• [TRY IT]
Once you find the line with "Hello ladies and" in the data that follows, repeat it and every line after it exactly, through the line with "Hi everyone, I'm".

• [GIVEN RECORDS]
=-=-=-=-=

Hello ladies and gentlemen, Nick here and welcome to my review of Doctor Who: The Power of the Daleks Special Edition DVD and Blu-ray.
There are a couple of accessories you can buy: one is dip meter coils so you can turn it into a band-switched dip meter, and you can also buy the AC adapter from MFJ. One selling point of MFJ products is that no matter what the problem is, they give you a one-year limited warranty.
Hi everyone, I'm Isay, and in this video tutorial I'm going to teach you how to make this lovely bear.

=-=-=-=-=

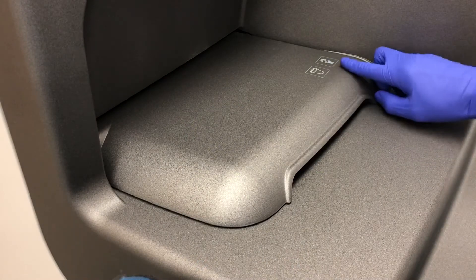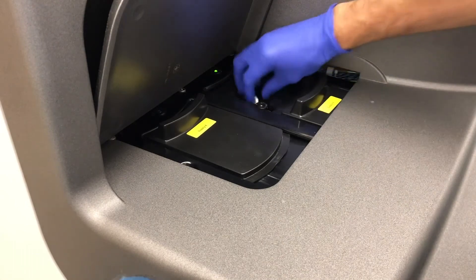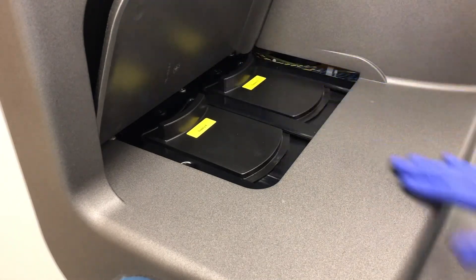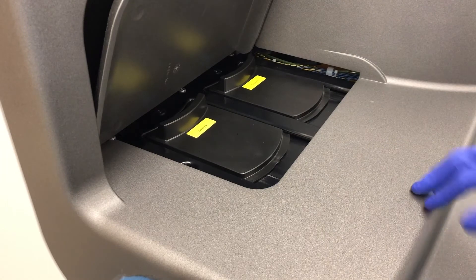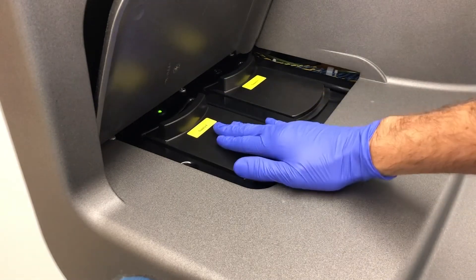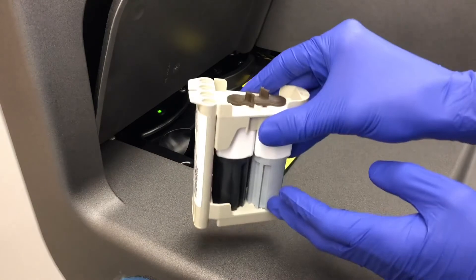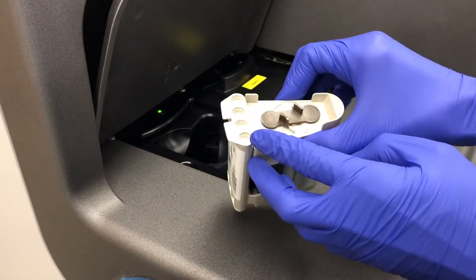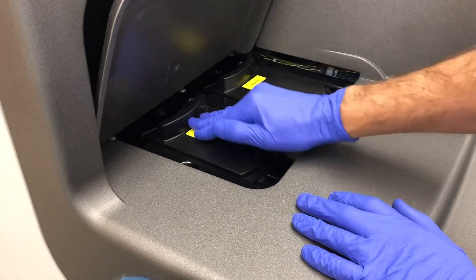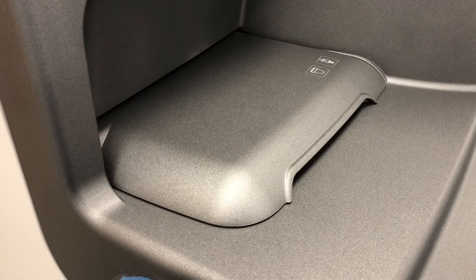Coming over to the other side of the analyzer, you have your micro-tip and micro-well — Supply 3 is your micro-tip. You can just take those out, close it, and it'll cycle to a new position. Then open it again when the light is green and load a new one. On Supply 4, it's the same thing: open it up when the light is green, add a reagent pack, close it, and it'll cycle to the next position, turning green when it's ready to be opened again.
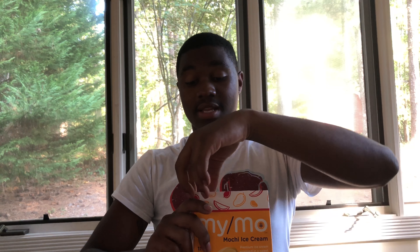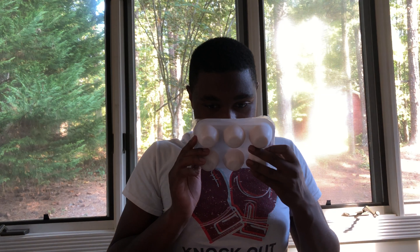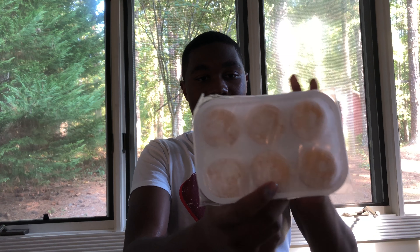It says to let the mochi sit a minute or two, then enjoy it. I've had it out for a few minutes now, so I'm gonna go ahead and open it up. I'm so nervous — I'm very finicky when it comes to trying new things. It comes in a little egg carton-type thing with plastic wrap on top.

=-=-=-=-=

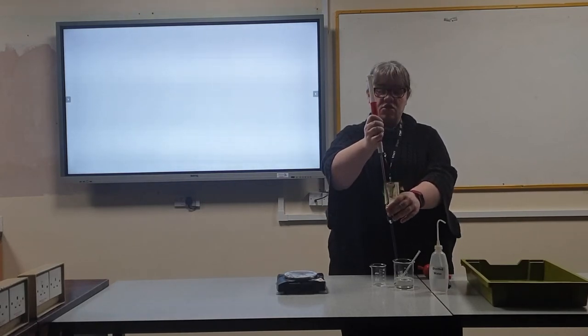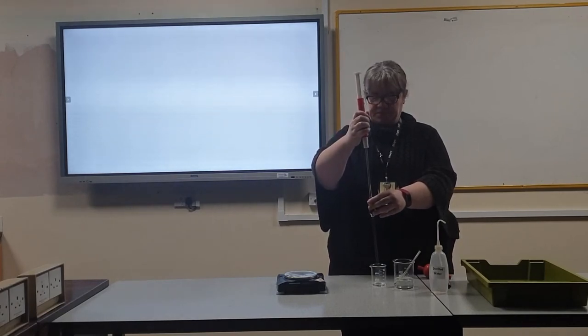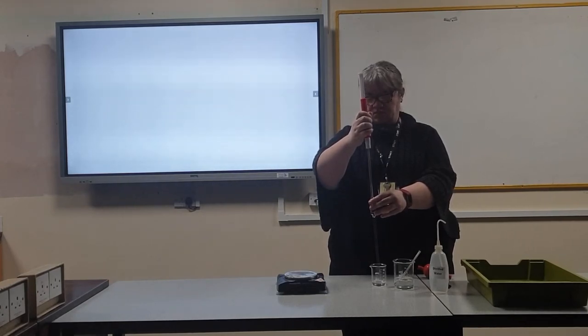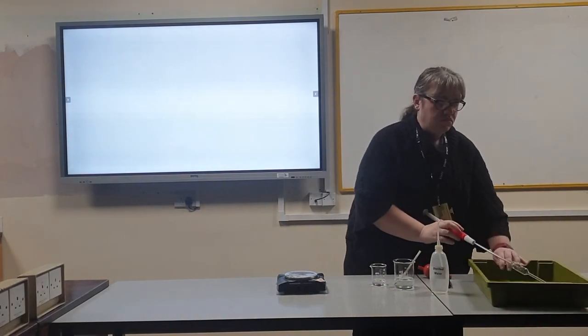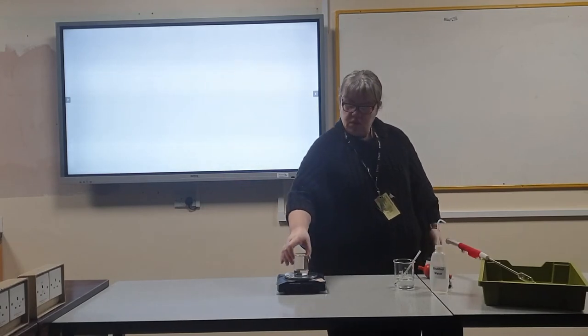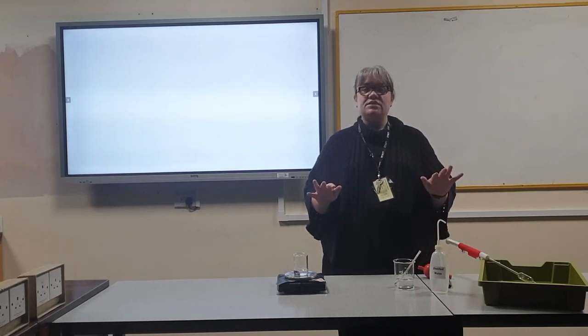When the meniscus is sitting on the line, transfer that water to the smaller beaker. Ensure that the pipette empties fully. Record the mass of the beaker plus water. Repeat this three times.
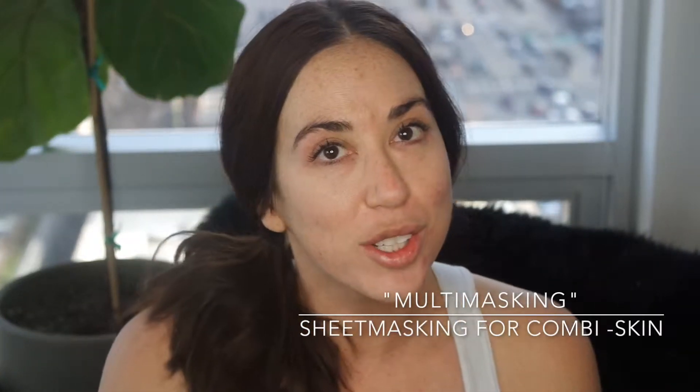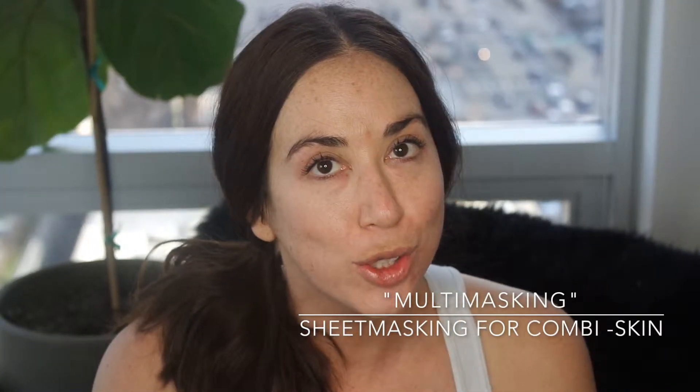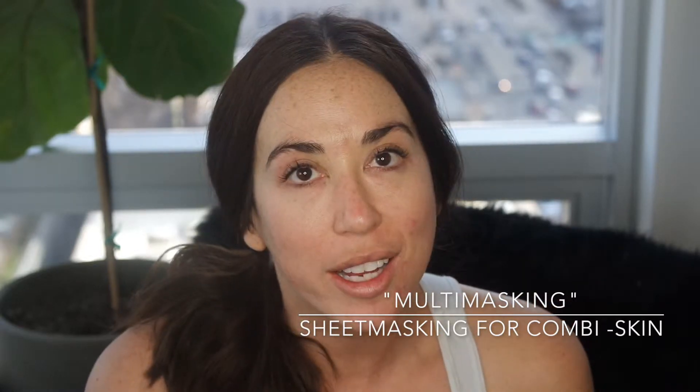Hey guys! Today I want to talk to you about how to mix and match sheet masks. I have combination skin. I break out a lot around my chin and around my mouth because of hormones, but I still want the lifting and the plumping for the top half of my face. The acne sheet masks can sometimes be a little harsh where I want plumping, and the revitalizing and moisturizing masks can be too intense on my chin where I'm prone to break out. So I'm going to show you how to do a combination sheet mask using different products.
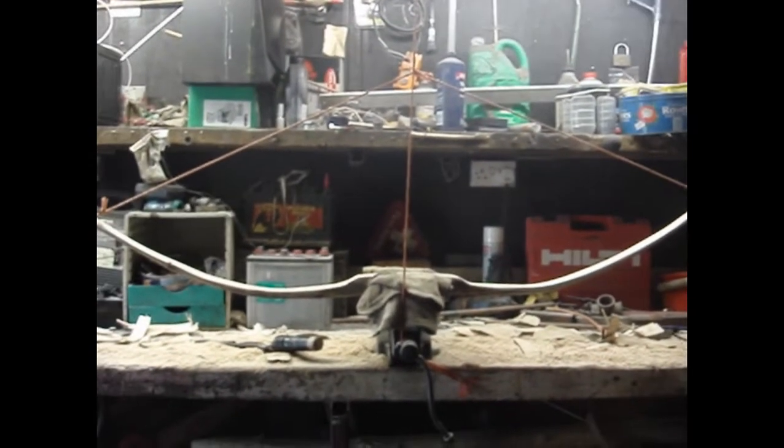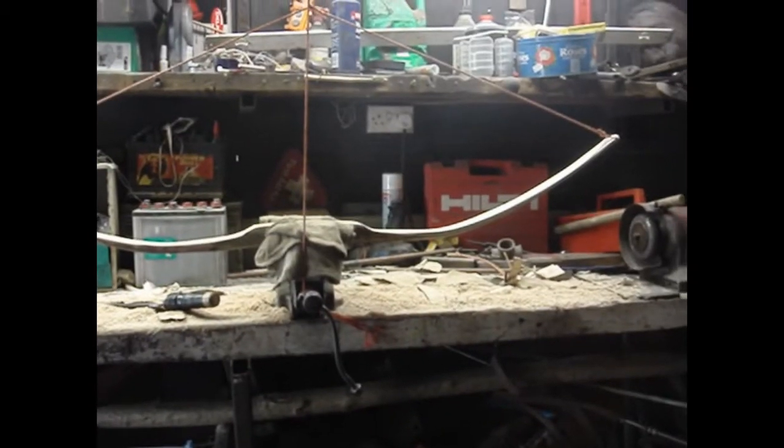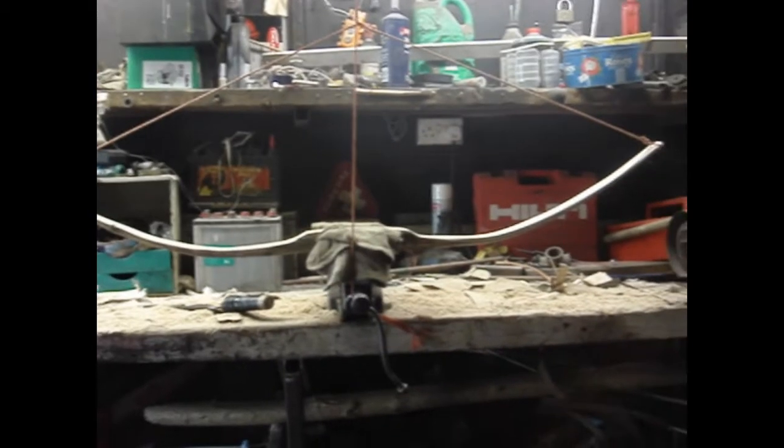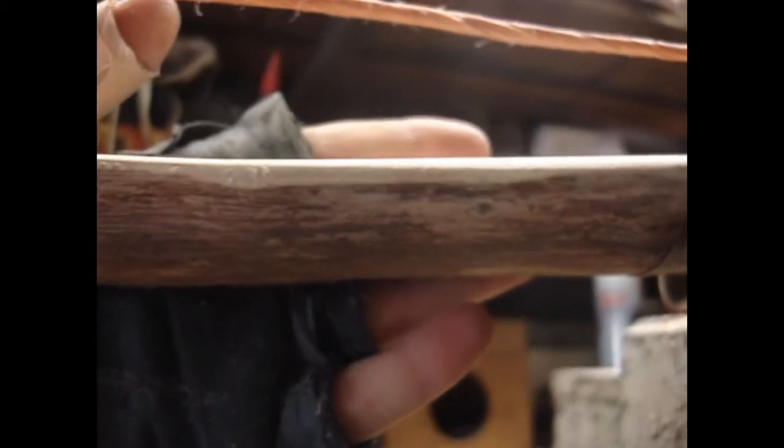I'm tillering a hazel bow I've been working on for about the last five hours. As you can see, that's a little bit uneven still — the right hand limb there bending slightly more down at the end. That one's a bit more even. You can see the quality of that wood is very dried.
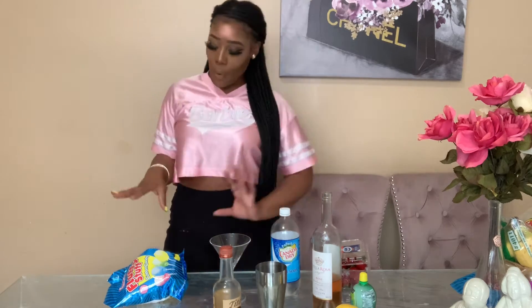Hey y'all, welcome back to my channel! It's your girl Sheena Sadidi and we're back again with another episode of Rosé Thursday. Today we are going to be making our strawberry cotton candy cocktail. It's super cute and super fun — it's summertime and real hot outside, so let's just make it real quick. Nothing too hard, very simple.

=-=-=-=-=

• [WRITTEN ANSWER]
Hello ladies and gentlemen, Nick here and welcome to my review of Doctor Who: The Power of the Daleks Special Edition DVD and Blu-ray.
There are a couple of accessories you can buy: one is dip meter coils so you can turn it into a band-switched dip meter, and you can also buy the AC adapter from MFJ. One selling point of MFJ products is that no matter what the problem is, they give you a one-year limited warranty.
Hi everyone, I'm Isay, and in this video tutorial I'm going to teach you how to make this lovely bear.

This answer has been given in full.